I may not be the most obvious choice of reviewer to appraise a book which can be categorized as both Christian and LGBTQ, for the two very obvious reasons. Still, R. Mark Vinson chose to send me an ARC of “All Roads” – and I am very glad that he did. It is a delightful book, and one which I felt a great deal happier and lighter afterward for having read. Vinson (I will call him Mark for the purposes of this review), as well as being an eloquent and somewhat elegant writer, comes across as a good, kind person, and there is no other outcome you want or end up foreseeing for him than a happy one.
Taking us back to the turn of the century, Mark shares with us his calling to God, and his happiness at finding a progressive church which welcomes and indeed encourages members of the LGBTQ community to join; Mark himself becomes very actively involved, becoming a deacon and a diplomat for the church. Between them, its founders and members work tirelessly to promote equality and understanding of LGBTQ rights in what is outwardly a pretty conservative, God-fearing small Texas town. In fairness, most people he encounters, even those Republicans in the council and the many other more traditional, perhaps resistant churchgoers, come across as generally quite amenable and respectful, even if they don’t share Mark’s liberal views. Without wishing to spoil any of the book, Mark and his friends remarkably achieve what would have probably been some pretty admirable outcomes for the time, including a Pride parade in their relatively modest town. Most encouraging is the support they gain from perhaps some surprising corners.
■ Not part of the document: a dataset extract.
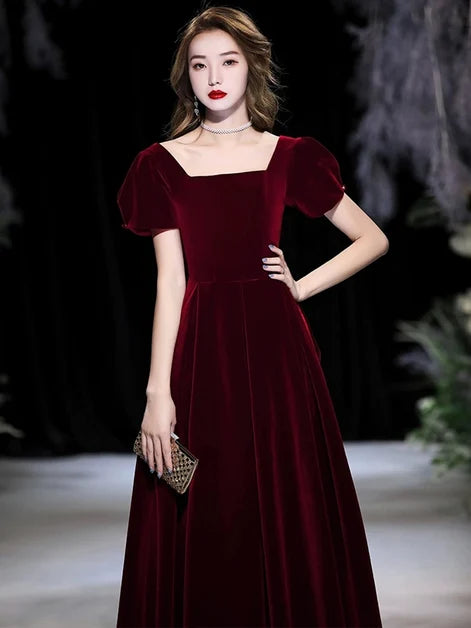 Burgundy Velvet A-Line Square Neck Back Zip Floor-Length Dress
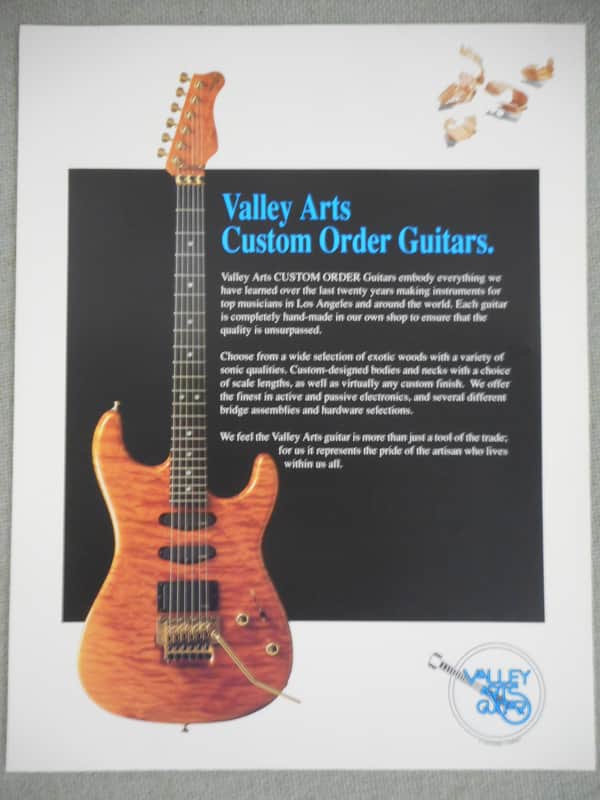 Valley Arts Custom Order Guitar Brochure Early 90's image 1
This is a very nice book to read. It doesn’t go down the serious path of focusing on hate that it might; I don’t doubt that there were examples of it, but Mark is just a person who chooses to focus on the joy and the hope which goes hand in hand with his Christian ideals. He is clearly a respectful and respectable person who chooses to live his life with a degree of class. The only real adversity in this book comes in the form of its romantic elements, which may include those who aren’t yet ready to come to terms with their sexuality – and even these are handled with sensitivity and good humour. I very much enjoyed Mark’s uplifting memoir, and hope that he continues to write about his journey with the same resolve and cheer – I think he deserves it, in return of for giving the same to his readers.